If the sheriff wants to expand the motorcycle division, more duties need to be added, he said.
“The Sheriff’s Office hardly ever handles any (traffic) accidents. They call the State Patrol. A deputy can work a deer wreck.”
Howard said if he is elected, he will focus on areas he feels are lacking attention, such as the opioid crisis, gangs and human trafficking.
“If you don’t think we have gangs in Bulloch County, you are wrong,” he said, referring as an example to the recent homicide of a teenage male whose body was found near a city park.
Methamphetamine use is on the rise as well, and he is concerned over the disbanding of a multi-agency partnership that targeted such crimes, he said.
The former Crime Suppression Team, which consisted of officers from the Statesboro and Georgia Southern University police departments as well as Bulloch County sheriff’s deputies, was a successful endeavor, but Brown ended the partnership, he said.
GS and Statesboro police still work together with the SPD Impact Team, but “why is the Sheriff’s Office not involved?” he asked.
It is important for a sheriff to “network” with other agencies — local, state and federal — Howard said.
“We are doing no networking with the feds.”
He used a massive drug bust in Screven County last year as an example of how such partnerships are successful.
“Screven County Sheriff Mike Kile worked with federal agencies,” and the sting netted several arrests from not only Screven County, but Statesboro and other areas, he said.
Brown recently told the Statesboro Herald he stopped receiving federal prisoners earlier this year because he needs the space for local inmates. He has cited a need for a jail expansion, a need that Bulloch County Manager Tom Couch acknowledged existed far before Brown’s election in 2016.
But Howard disagrees with the decision to refuse federal inmates, who each bring in $50 revenue daily.
By not accepting federal inmates to be housed in the jail, the county is losing “$400,000 to $500,000 a year,” he said, adding that he supports a suggestion to use available bed space in the adjacent Bulloch County Correctional Institution to house inmates.
He praised Brown’s Drug Abuse Resistance and Education, or DARE, efforts.
“DARE officers do a whale of a job, and I have no complaints with that,” he said.
But if elected, he said he hopes to add the Choosing Healthy Activities and Methods Promoting Safety, or CHAMPS, program as well.

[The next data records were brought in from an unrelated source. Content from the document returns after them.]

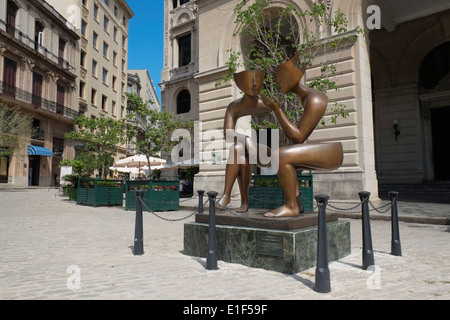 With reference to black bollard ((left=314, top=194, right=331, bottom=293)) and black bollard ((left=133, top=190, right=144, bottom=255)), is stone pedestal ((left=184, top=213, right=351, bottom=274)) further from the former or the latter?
black bollard ((left=133, top=190, right=144, bottom=255))

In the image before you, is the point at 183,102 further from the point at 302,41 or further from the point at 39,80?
the point at 302,41

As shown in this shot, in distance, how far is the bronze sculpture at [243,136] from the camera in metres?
5.48

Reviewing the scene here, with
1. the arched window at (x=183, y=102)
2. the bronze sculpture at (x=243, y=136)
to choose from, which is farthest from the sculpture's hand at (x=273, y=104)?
the arched window at (x=183, y=102)

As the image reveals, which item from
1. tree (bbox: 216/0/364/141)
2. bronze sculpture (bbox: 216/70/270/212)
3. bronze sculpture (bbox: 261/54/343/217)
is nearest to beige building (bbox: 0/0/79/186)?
tree (bbox: 216/0/364/141)

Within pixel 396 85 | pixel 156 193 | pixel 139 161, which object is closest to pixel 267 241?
pixel 156 193

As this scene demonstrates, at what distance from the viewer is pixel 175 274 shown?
428 centimetres

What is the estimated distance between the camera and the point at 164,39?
103ft

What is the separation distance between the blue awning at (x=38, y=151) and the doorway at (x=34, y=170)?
1.15 meters

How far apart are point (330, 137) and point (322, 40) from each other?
Answer: 3.91m

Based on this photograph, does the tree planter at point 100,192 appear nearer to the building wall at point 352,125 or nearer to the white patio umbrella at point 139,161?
the white patio umbrella at point 139,161

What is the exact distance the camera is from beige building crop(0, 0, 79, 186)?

Designed by the Georgia Sheriff’s Association, the program is aimed at fifth-graders.
Howard also spoke of the importance of a sheriff working closely with county leaders for the betterment of citizens.
“Brown has publicly threatened to sue commissioners if he didn’t get what he wants. I looked back at (a video of a sheriff’s debate between Brown and another candidate in 2016) and he made that threat during the debate,” he said.
Problems arise when one department makes demands that could affect other departments, he told the group.
“When you rob Peter to pay Paul, you end up with potholes and unpaved dirt roads.”
Another idea he spoke of was to use “veterans, retired officers” and others as reserve deputies in situations in which a certified officer is not needed. The positions could be voluntary or paid at a lower rate that a deputy, he said.
In wrapping up, Howard promised that, if elected, he would be a good steward of taxpayers’ money, work with the county leaders to resolve budget and jail overcrowding concerns, engage in partnerships with other governmental and law enforcement agencies, and keep the public better informed about what is going on within the Sheriff’s Office.
“We have got to do the best with the people’s money that we can do,” he said. “We have got to have an administrator who is not in it for political or personal gain, one who will work with commissioners, communicate with the public, who networks with partners. One person can’t win the race.”
Derr said Brown will be able to address the Bulloch County Republican Party at its next meeting Oct. 8. The Statesboro Herald will be present to cover the upcoming meeting and Brown’s presentation.